Of course, occasionally I have made mistakes. When I was working in Los Angeles I was sharply pulled up for using the phrase “Red Indian”. 

“They are Native Americans,” my HR manager told me severely. I meekly apologised and have never used it again. As I stopped addressing female reality contestants as “girls”. 

“They are women, not children.” 

And I learnt that people whom the British describe as “black” are actually African Americans. 

It’s not hard to adapt. You just take note of what people find unacceptable, and change the dictionary in your brain. So as not to offend. 

Unless, of course, you’re a racist. In which case, what you do is keep the word in your head, and use it when you’re in safe company with other racists. Or make a joke about it for the benefit of those racists. Which is exactly what Jeremy Clarkson likes to do. 

Clarkson is 8 years younger than I am. He also has three children. He therefore can’t use ignorance as an excuse. There has been much speculation in the press about whether or not he actually used the “N”-word on tape. One tabloid employed an audio investigator to analyse the recording. 
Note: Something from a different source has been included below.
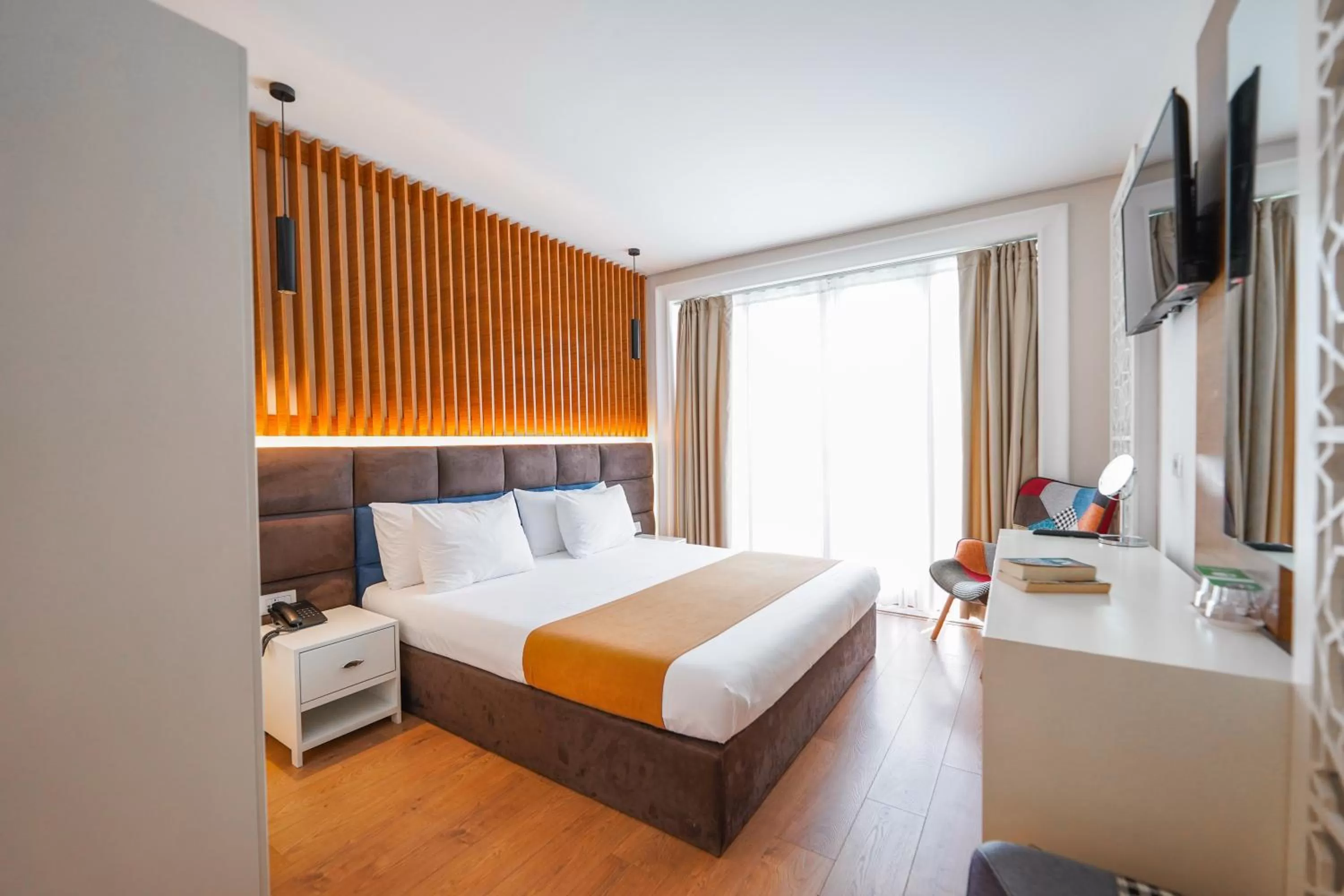 Photo of the whole room, Bed in Vinea Resort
Of course, it doesn’t matter a jot whether you can hear it or not. What Clarkson did was make his audience think he was using the “N”-word, but knew that he wasn’t supposed to – so he mumbled. As a joke. So that other racists watching would find it funny. It was a nasty racist joke. 
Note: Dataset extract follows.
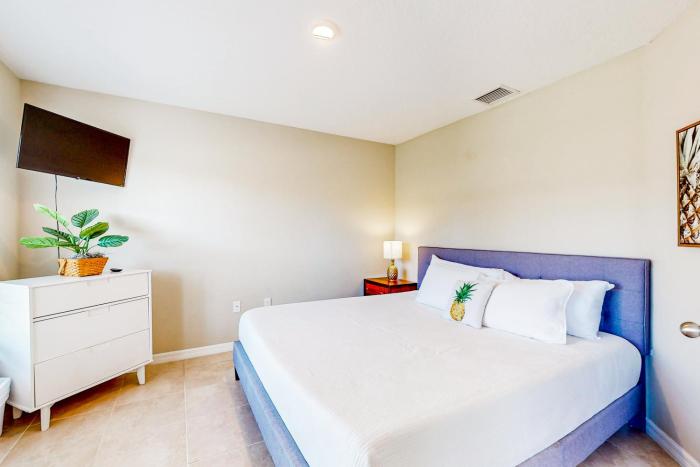 Dog-friendly home with an 8 minute walk to beach access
But there’s something more sinister here, which so far hasn’t been raised in the press. Clarkson was not alone. 

All presenters have a producer or director on location with them, editorially responsible for everything that’s filmed. If this were one isolated slip of the tongue, it could have been consigned to the cutting room floor, no eyebrows raised. Everyone make mistakes. The location producer would have said: That’s not very funny, Jeremy. Let’s find another joke. 

But he didn’t. Instead he allowed it to be repeated twice. Why? 

Did he also think it was funny? Or was he not strong enough to control Clarkson? The BBC should be finding out which it is and, if necessary, appointing a new set of stronger, more enlightened producers. 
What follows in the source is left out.